Browsing"Monthly Contest"

The Winner is Jichun Wang

Dec 4, 2011 by     1 Comment     Posted under: Code, Monthly Contest, New Technologies, Tips & Techniques

The winner of our last programming challenge is Jichun Wang. Jichun is a Sun Microsystems alumnus, now a senior software engineer at Synopsis. He uses perl to call a Google RESTful API and to parse the JSON outcome from google to get the result counting of google search. You can find his program here on my SAS_ACADEMY group.

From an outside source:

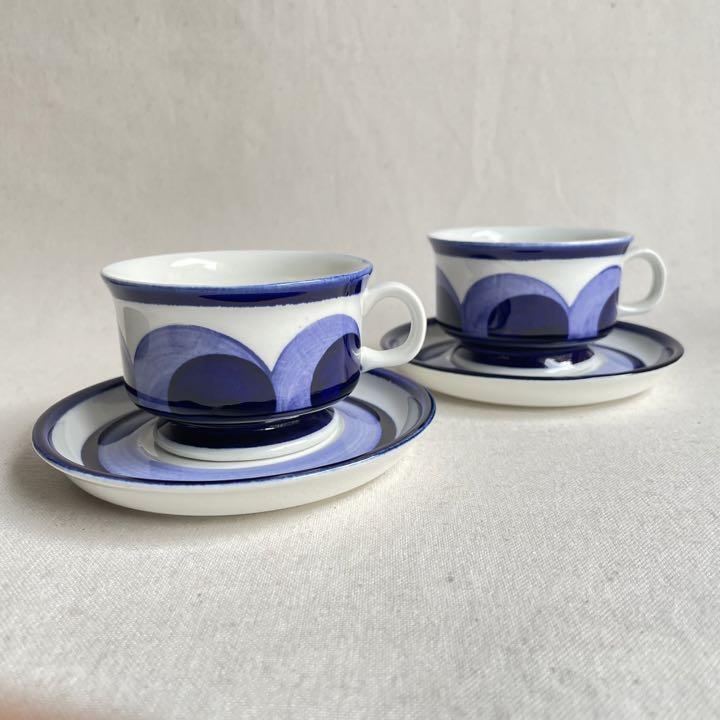 Read more about the article Arabia Paju Cup Saucer Demitasse Leg Set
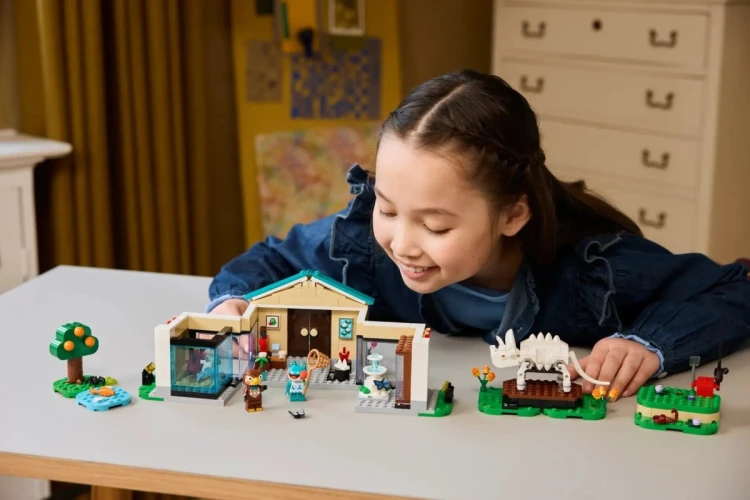 LEGO ANIMAL CROSSING 77056 Blathers i kolekcja muzealna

Because the API he used is deprecated, you can find there is a significant difference in the counting using this API and that you get by googling directly in browser; however, he got the order correct!

A-Hero Cnt By API Cnt By Browser
Batman 30,600,000 332 M
Iron Man 18,700,000 266 M
Superman 13,900,000 184 M
Spiderman 13,000,000 122 M

October Programming Challenge: Ranking American Heroes

Oct 5, 2011 by     2 Comments    Posted under: Code, Monthly Contest

At the beginning of each month, I follow the update of TIOBE Index very closely. TIOBE Index is a measurement of popularity of programming languages based on the result of search engines. By the way, SAS ranks 24 there last month. The way TIOBE Index is defined inspires me so I come up with the following game to play for this month:

Use any programming language you feel comfortable to rank the popularity of the following American heroes (each picture contains a link pointing to its Wikipedia entry):

Superman Batman Spiderman Ironman

Send me your source code by 31/10 to win a $25 gift card.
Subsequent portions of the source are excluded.